===== THE RECORDS =====
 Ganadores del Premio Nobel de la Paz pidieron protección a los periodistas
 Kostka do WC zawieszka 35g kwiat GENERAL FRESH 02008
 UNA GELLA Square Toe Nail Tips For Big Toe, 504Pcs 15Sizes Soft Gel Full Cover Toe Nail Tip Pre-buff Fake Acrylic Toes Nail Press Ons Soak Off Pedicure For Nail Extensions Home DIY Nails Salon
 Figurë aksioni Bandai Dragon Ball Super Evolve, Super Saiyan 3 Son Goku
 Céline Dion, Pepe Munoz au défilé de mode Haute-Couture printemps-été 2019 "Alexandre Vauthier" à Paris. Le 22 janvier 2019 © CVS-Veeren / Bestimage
=====
**ABOUT THIS TASK:**
The expected response consists solely of the lines from the one with "Kostka do WC" through the end of the records, repeated exactly.

**ANSWER FOR THE TASK:**
 Kostka do WC zawieszka 35g kwiat GENERAL FRESH 02008
 UNA GELLA Square Toe Nail Tips For Big Toe, 504Pcs 15Sizes Soft Gel Full Cover Toe Nail Tip Pre-buff Fake Acrylic Toes Nail Press Ons Soak Off Pedicure For Nail Extensions Home DIY Nails Salon
 Figurë aksioni Bandai Dragon Ball Super Evolve, Super Saiyan 3 Son Goku
 Céline Dion, Pepe Munoz au défilé de mode Haute-Couture printemps-été 2019 "Alexandre Vauthier" à Paris. Le 22 janvier 2019 © CVS-Veeren / Bestimage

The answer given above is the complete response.